> [EXERCISE]: When you reach the line with "Charming In Brownstone, #44 Boston" in the data below, begin printing lines exactly, and stop once the line with "Polaroid Gafas Graduadas PLD D835 1ED" has been printed.

> [INPUT MATERIAL]:

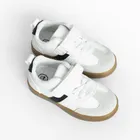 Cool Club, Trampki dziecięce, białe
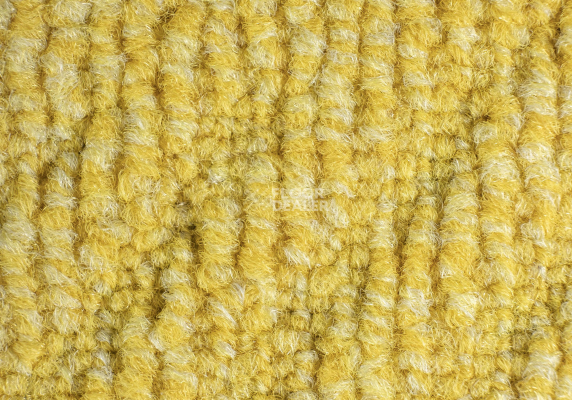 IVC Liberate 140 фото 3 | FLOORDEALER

--

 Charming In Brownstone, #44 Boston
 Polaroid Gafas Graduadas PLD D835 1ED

> [EXERCISE RESULT]:
 Charming In Brownstone, #44 Boston
 Polaroid Gafas Graduadas PLD D835 1ED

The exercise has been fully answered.